My hand is in the very bottom left corner. These are the guys that helped me up the hill. (Picture via Shar Halvorsen).

You can’t let what you are able to see put limits on what you believe is possible.

* * * * *

Somewhere around mile four of the Tough Mudder was an innocent looking obstacle: a muddy hill. That’s it, just a steep slope, maybe twenty feet long, coated in mud. A few of the guys on our team struggled to the top and stood there, waiting for the rest of us. Then my turn came. I made a dash through the mud and started up the incline.

About halfway up, my feet started slipping out from under me. I stopped, dug in my heels and tried to grab on to something. Anything. But slowly, inevitably, I started sliding backwards. All the way back down.

I tried again. Same result. Maybe it was the fact that I wore my oldest shoes and they had no traction. Maybe it was that we were in the last group of the day. Whatever the case, I couldn’t get any grip.

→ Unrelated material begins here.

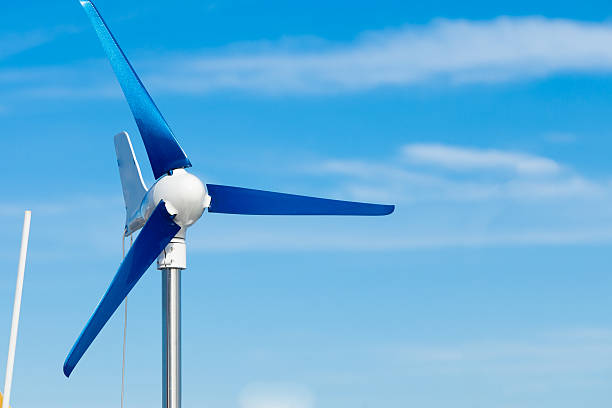 istock Wind turbine producing alternative energy renewable power on blue sky 462479105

But what else was I going to do? I had to try again.

* * * * *

Ever been in that spot before? Ever have a goal off there in the distance, and no matter how many times you tried, it just didn’t feel like you were making any progress?

Ever feel like quitting?

* * * * *

In the book How I Got Published, J. A. Konrath tells about his journey to publication. It was a long road. Sometimes it felt like a hopeless road. But after writing ten books in twelve years without finding a publisher, and after 460 rejections, his dream came true. He landed a six-figure offer for a series of crime novels he had written.

* * * * *

I tried the hill again. I went at it with just as much speed and determination as ever, but I’ll admit that I didn’t have much hope. Why should that run turn out any different?

Yet that time, just as I started to slide backward, a hand reached down towards me. My team members had lowered one of our guys by his feet part of the way down the mudslide. I grabbed his hand and instantly fell to my stomach. It was too slippery – there was nothing I could do to help. But they pulled me to the top. Just another reason it’s good to have idiots for friends.

* * * * *

Feel like quitting? Try again. You never know when that hand will reach down out of no where and pull you to the top.

3 Replies to “460 Rejections and a Muddy Hill”

  1. Thank God for idiot friends. I like it. :-)

    I tend to be a worst case scenario kind of person. Once I understand that the worst case scenario isn’t as bad as I might think (most of the time) then I press forward and look for the hand.

  2. Shawn. First, the photo is like the cover an old Life magazine.
    Second, you are writing an awful lot about running, you know, as an fyi.
    Third: I loved how many places my mind went with this, with you on the middle of a hill you could not ascend. So many images, so many ideas. I like where you ended, and I like that I can poke the edges of the other ideas, too.
    Finally, yes. You never know when there will be a hand.